3. What is the RHS criterion, and how is it used for constructing a right-angled triangle?
The RHS criterion stands for Right angle, Hypotenuse, Side. It is a specific rule for constructing a right-angled triangle when you know the length of one side (a leg) and the length of the hypotenuse. The steps are:
- Draw a line segment that will serve as the base, equal to the length of the given leg. Let's call it QR.
- At one point (say, Q), construct a perpendicular line (a 90° angle).
- Set your compass to the length of the given hypotenuse.
- Place the compass point on the other end of the base (R) and draw an arc that cuts the perpendicular line. Name the intersection point P.
- Join P and R. The resulting triangle PQR is the required right-angled triangle.
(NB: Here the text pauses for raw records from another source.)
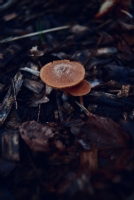 Mantar.  Mushroom - Fotoraf: Abdullah Pak fotoraflar fotoraf galerisi. 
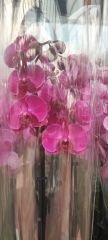 Gorgeous Purple Orchid Mor/Pembe Renk Orkide- Phalaenopsis Orchid 1.Sınıf İthal
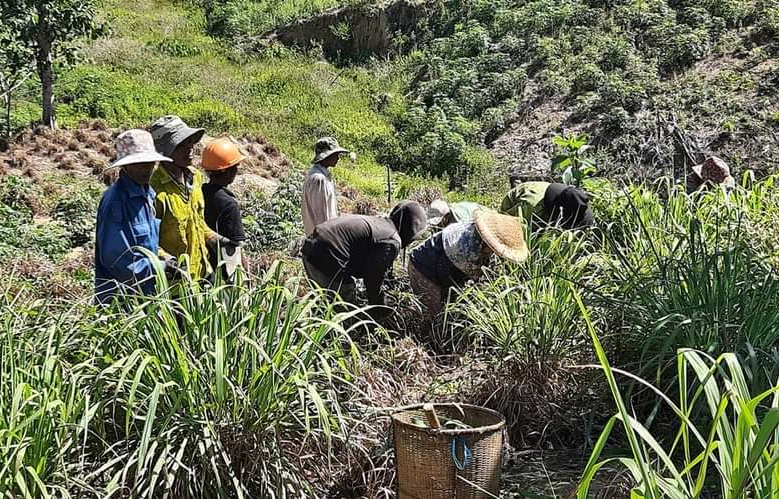 Người dân xã Ngọc Tem thu hoạch lá sả Java. Ảnh: QĐ Người dân xã Ngọc Tem thu hoạch lá sả Java. Ảnh: QĐ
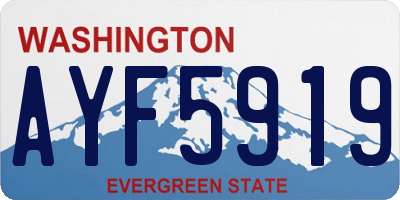 WA license plate AYF5919
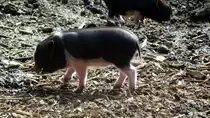 Junges H�ngebauchschwein im Tiergehege Zeulenroda am 12.04.13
4. How is the Pythagorean theorem related to the construction of a right-angled triangle?
The Pythagorean theorem (a² + b² = c²) is the fundamental principle that governs the relationship between the sides of a right-angled triangle. While it's not a construction tool itself, it plays two key roles:
- Verification: After constructing a triangle, you can measure its three sides to check if they satisfy the theorem. If they do, your 90° angle construction is accurate.
- Foundation for Methods: Practical construction techniques, like the '3-4-5 rule' used in construction and carpentry, are direct applications of Pythagorean triples to create a perfect right angle without a protractor.
5. What is the most common mistake made during construction using the RHS criterion?
A very common mistake when using the RHS criterion is placing the compass point incorrectly to draw the hypotenuse arc. Students often place the compass on the vertex where the 90° angle is constructed. This is wrong. The compass, set to the length of the hypotenuse, must be placed on the *other* end of the base leg (the leg whose length is known). The arc should then intersect the perpendicular line to find the third vertex of the triangle.
6. Is it possible to construct a unique right-angled triangle if you only know the length of the hypotenuse?
No, it is not possible to construct a unique right-angled triangle with only the length of the hypotenuse. Knowing the hypotenuse defines the diameter of a circle on which the right-angle vertex must lie. You can form an infinite number of different right-angled triangles with the same hypotenuse but with varying leg lengths. To make the triangle unique, you need one more piece of information, such as the length of one leg or the measure of one of the acute angles.
7. How is constructing a right-angled triangle different from constructing a general triangle (like a scalene triangle)?
The key difference lies in the given information. For a general triangle, you typically need three pieces of information, such as Side-Side-Side (SSS), Side-Angle-Side (SAS), or Angle-Side-Angle (ASA). However, in a right-angled triangle, one piece of information is already known: one angle is always 90°. This reduces the amount of new information required. This is why you can construct it with just two sides (either two legs, or a leg and the hypotenuse under the RHS criterion), which wouldn't be sufficient for a general triangle.